What I do not know how to do is figure out the file type using terminal. I had a look at the find and also file commands manual pages but these don't look like they will help me.

Does anyone have any idea how I could go about doing this?

Thanks in advance,

Stephen



LtRammstein
Oct 19, 2009, 01:57 PM
I think the easiest way for you to do this is to use the path to your advantage. What I mean is when you ask for the path of the file, it'll have the extension with it. All you need to do is look at the extension.

Example:

3.2-bash$ ./backup /Users/Anon/Documents/list.xlsx


From here you can just look at the .xlsx and know that it's an Excel file.

Hope this helps.

lee1210
Oct 19, 2009, 02:07 PM
There is a UNIX program "file" that will give you all sorts of information about a file. Not sure if its output will be sufficient for your uses, but it's worth a try.

-Lee

chown33
Oct 19, 2009, 02:23 PM
I'm puzzled as to why backing up files by type is necessary, or even a good idea. If I backup a folder containing various types of files, I expect to recover them in their original arrangement, not rearranged by file-type.

That said, the mdls command can extract file-type and a host of other metadata, and give it to you in textual form. Read the man page first, but I recommend trying it on different file-types like image, text, audio, etc. to learn how it works. Its metadata key names are the same as the documented keys for Spotlight Metadata Attributes.

Also, you can use mdfind to search for files based on metadata. It's the command-line equivalent to initiating a Spotlight search, or a smart folder.

SRossi
Oct 19, 2009, 06:01 PM
I think the easiest way for you to do this is to use the path to your advantage. What I mean is when you ask for the path of the file, it'll have the extension with it. All you need to do is look at the extension.

Example:

3.2-bash$ ./backup /Users/Anon/Documents/list.xlsx



Yeah I was going to use the file extension seamed the easiest way to determine what the file type was.

There is a UNIX program "file" that will give you all sorts of information about a file.

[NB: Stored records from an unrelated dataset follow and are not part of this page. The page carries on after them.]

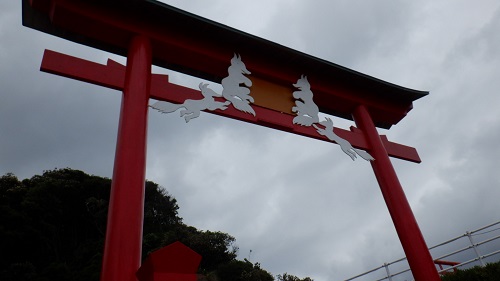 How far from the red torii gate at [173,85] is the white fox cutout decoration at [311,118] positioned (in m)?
0.10

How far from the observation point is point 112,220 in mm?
2768

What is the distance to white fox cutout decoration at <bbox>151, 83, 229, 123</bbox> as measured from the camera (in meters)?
3.65

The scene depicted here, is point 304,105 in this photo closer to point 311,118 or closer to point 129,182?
point 311,118

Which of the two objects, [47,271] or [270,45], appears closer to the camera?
[270,45]

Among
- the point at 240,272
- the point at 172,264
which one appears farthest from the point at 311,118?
the point at 240,272

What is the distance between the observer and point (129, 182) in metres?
2.95

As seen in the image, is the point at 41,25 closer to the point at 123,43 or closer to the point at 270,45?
the point at 123,43

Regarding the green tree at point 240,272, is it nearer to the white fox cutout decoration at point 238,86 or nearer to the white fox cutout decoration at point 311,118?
the white fox cutout decoration at point 311,118

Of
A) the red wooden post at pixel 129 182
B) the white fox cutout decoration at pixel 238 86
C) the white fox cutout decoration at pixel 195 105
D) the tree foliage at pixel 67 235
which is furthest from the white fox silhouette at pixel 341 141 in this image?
the tree foliage at pixel 67 235

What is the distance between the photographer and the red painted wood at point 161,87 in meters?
3.56

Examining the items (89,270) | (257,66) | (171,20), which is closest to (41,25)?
(171,20)

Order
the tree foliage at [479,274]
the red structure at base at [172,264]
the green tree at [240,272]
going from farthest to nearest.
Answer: the green tree at [240,272], the tree foliage at [479,274], the red structure at base at [172,264]

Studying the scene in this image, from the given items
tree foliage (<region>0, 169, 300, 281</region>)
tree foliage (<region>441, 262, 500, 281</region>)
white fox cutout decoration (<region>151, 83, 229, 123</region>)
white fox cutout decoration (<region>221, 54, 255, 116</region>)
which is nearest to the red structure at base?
white fox cutout decoration (<region>151, 83, 229, 123</region>)

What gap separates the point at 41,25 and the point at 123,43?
0.85 metres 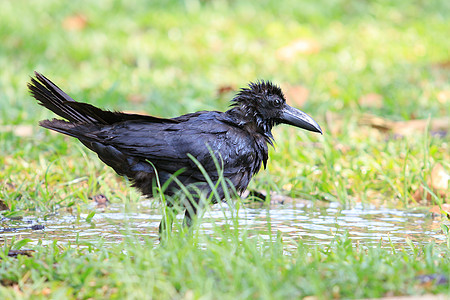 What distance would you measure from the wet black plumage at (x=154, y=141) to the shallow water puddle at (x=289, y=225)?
0.27 metres

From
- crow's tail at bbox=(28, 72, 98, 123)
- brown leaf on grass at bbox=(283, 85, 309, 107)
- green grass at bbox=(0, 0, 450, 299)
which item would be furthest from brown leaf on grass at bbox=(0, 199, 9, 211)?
brown leaf on grass at bbox=(283, 85, 309, 107)

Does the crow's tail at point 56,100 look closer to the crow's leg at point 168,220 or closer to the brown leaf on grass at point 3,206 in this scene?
the brown leaf on grass at point 3,206

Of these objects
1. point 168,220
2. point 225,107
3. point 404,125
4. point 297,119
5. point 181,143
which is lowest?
point 168,220

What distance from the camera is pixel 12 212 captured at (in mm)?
4121

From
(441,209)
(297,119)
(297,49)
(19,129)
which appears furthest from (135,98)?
(441,209)

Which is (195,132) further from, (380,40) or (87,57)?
(380,40)

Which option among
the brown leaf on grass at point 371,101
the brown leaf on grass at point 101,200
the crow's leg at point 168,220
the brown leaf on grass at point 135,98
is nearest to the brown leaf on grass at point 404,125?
the brown leaf on grass at point 371,101

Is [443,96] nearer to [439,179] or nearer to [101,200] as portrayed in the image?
[439,179]

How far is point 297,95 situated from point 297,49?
8.23 ft

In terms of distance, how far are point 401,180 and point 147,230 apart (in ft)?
6.42

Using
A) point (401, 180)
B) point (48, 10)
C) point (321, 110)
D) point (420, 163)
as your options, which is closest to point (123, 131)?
point (401, 180)

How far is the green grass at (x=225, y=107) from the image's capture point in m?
2.68

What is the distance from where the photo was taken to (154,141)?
3883mm

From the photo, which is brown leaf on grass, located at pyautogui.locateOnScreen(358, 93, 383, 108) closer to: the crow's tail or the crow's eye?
the crow's eye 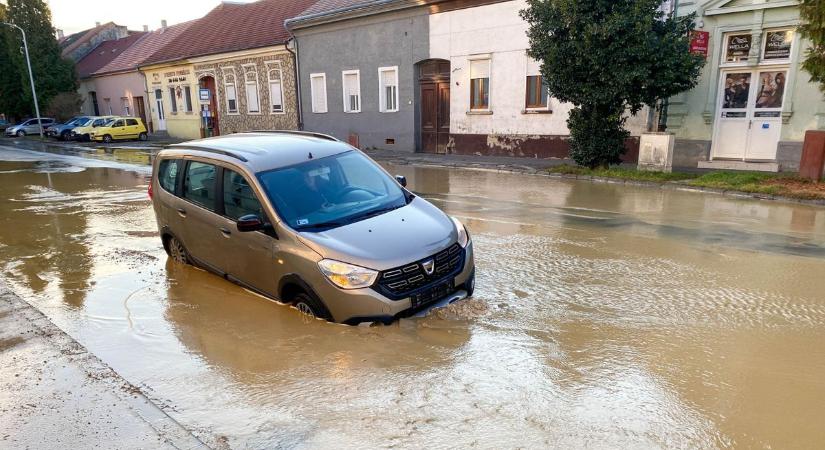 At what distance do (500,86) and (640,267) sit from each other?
45.4ft

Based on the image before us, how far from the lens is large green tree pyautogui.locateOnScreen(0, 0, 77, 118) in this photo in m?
39.9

Not sure if its output will be sufficient for your uses, but it's worth a try.

Yeah I had a look at the file command but I didn't know if I could use an if statement on the result of the query?

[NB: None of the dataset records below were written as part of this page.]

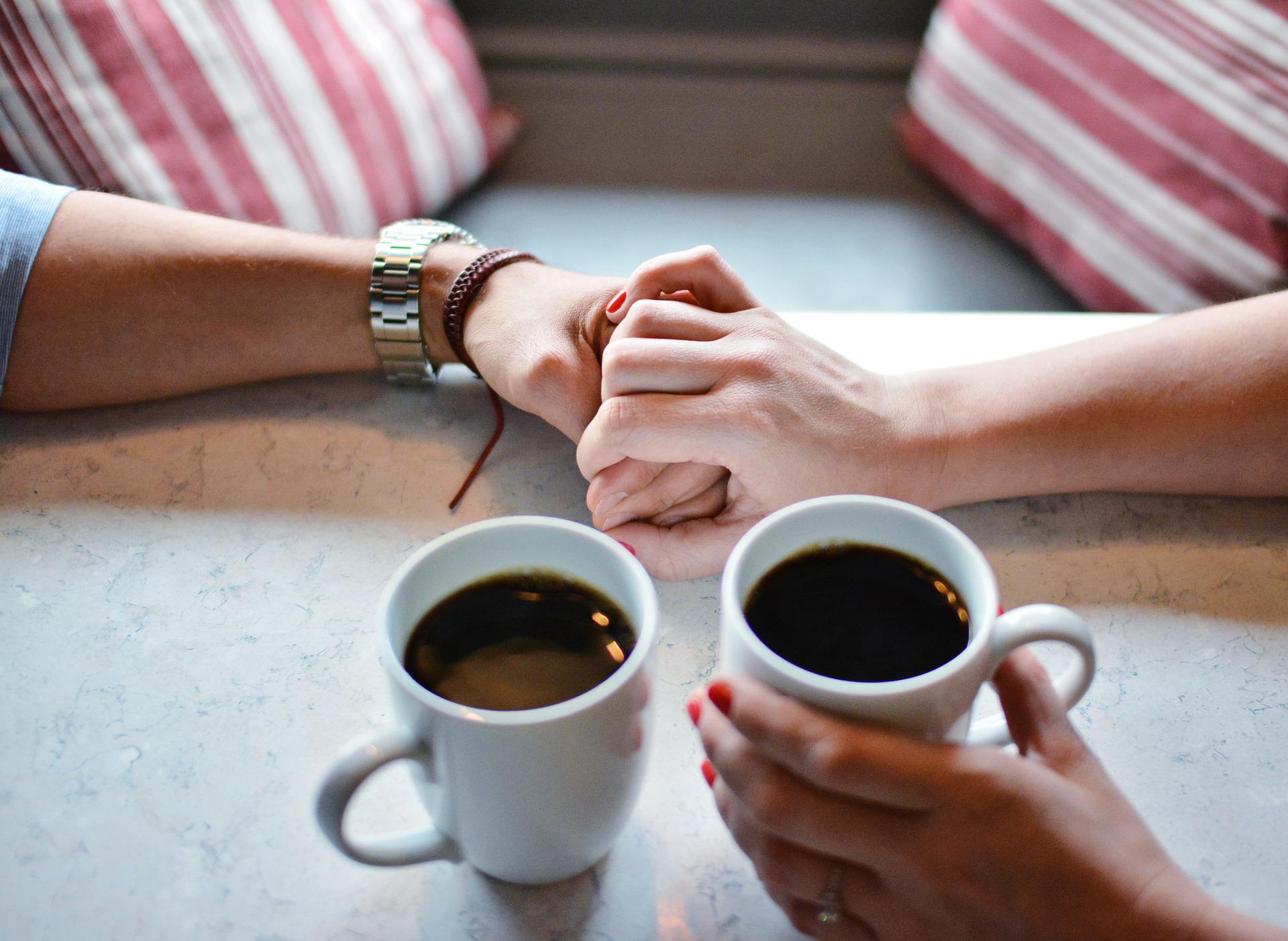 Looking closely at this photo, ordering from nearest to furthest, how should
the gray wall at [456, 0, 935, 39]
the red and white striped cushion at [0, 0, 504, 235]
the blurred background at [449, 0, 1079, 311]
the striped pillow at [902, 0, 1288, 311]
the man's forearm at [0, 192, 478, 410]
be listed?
the man's forearm at [0, 192, 478, 410]
the red and white striped cushion at [0, 0, 504, 235]
the striped pillow at [902, 0, 1288, 311]
the blurred background at [449, 0, 1079, 311]
the gray wall at [456, 0, 935, 39]

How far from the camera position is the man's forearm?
774 mm

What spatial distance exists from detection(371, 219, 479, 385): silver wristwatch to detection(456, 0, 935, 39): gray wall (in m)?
1.07

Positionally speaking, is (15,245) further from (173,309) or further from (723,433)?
(723,433)

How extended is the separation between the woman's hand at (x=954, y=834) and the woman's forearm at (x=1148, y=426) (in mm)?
309

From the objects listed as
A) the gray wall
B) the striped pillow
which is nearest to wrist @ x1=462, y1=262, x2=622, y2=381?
the striped pillow

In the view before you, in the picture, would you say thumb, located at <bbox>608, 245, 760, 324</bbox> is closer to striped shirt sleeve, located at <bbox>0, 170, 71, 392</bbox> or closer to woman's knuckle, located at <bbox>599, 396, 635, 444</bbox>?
woman's knuckle, located at <bbox>599, 396, 635, 444</bbox>

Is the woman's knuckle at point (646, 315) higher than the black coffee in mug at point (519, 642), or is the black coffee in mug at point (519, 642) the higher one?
the woman's knuckle at point (646, 315)

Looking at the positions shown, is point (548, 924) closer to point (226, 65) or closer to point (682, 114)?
point (226, 65)

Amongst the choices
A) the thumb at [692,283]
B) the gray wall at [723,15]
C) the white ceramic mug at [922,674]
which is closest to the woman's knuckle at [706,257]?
the thumb at [692,283]

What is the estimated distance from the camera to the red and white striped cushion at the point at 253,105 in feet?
3.12

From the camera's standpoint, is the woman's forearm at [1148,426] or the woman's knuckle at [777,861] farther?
the woman's forearm at [1148,426]

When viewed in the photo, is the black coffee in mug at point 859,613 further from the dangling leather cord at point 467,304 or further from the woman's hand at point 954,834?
the dangling leather cord at point 467,304

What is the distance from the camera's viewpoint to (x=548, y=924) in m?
0.48

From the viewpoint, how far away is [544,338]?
0.77 meters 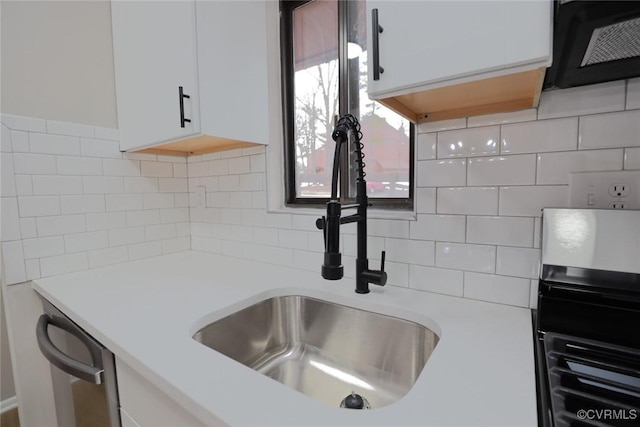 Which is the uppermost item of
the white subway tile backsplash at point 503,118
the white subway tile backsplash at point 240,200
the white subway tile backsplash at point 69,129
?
the white subway tile backsplash at point 69,129

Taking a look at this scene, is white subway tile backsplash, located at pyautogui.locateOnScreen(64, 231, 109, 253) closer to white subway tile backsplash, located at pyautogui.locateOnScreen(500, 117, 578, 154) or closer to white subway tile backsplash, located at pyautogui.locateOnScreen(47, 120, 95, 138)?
white subway tile backsplash, located at pyautogui.locateOnScreen(47, 120, 95, 138)

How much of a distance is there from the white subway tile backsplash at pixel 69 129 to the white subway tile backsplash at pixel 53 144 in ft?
0.06

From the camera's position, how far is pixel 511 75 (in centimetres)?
55

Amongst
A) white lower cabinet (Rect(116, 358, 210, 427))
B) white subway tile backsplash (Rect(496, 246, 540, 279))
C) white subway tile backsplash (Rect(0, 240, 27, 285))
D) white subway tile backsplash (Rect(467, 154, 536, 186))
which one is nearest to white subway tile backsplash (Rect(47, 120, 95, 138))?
white subway tile backsplash (Rect(0, 240, 27, 285))

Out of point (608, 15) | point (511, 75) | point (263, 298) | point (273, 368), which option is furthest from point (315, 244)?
point (608, 15)

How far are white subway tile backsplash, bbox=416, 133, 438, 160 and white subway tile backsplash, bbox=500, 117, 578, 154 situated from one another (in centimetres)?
17

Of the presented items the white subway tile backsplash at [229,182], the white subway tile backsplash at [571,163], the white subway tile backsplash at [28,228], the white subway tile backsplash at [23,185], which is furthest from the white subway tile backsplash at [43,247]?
the white subway tile backsplash at [571,163]

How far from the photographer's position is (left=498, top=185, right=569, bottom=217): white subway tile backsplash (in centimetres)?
71

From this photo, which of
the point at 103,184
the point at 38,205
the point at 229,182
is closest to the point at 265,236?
the point at 229,182

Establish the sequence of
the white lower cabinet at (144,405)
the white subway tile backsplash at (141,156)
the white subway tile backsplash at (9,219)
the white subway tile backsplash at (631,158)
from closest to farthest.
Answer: the white lower cabinet at (144,405) → the white subway tile backsplash at (631,158) → the white subway tile backsplash at (9,219) → the white subway tile backsplash at (141,156)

I'm puzzled as to why backing up files by type is necessary, or even a good idea. If I backup a folder containing various types of files, I expect to recover them in their original arrangement, not rearranged by file-type

I'm not backing up entire directories, I am only backing up certain files. Yeah I know seems a really stupid idea but its my universities idea not mine.

What I was thinking was doing a case statement like:

case $FILE in

*.txt) # Do text document backup
*.xlsx) # Do spreadsheet backup
*.jpg) # Do picture backup
*) # Give error about file type

Do you think this would be a way to go about it? Or would there be an easier way? Like as Lee says using file gives the file type but would I be able to input the output of the query into an if statement?

Thanks so far,

Stephen

lee1210
Oct 19, 2009, 06:20 PM
Here's an example i just whipped up:

for X in `file * | grep text | awk -F: '{print $1}'`
do
echo $X
done


Obviously echoing isn't very interesting, but this should give you each filename matching the grep. You can obviously make this much more advanced. Any plain text file should contain "text" in the output from file. For jpeg's, i get:
JPEG image data, EXIF standard

This means you can look for, say "JPEG image data" instead of .jpg, .JPG, .jpeg, .JPEG, etc.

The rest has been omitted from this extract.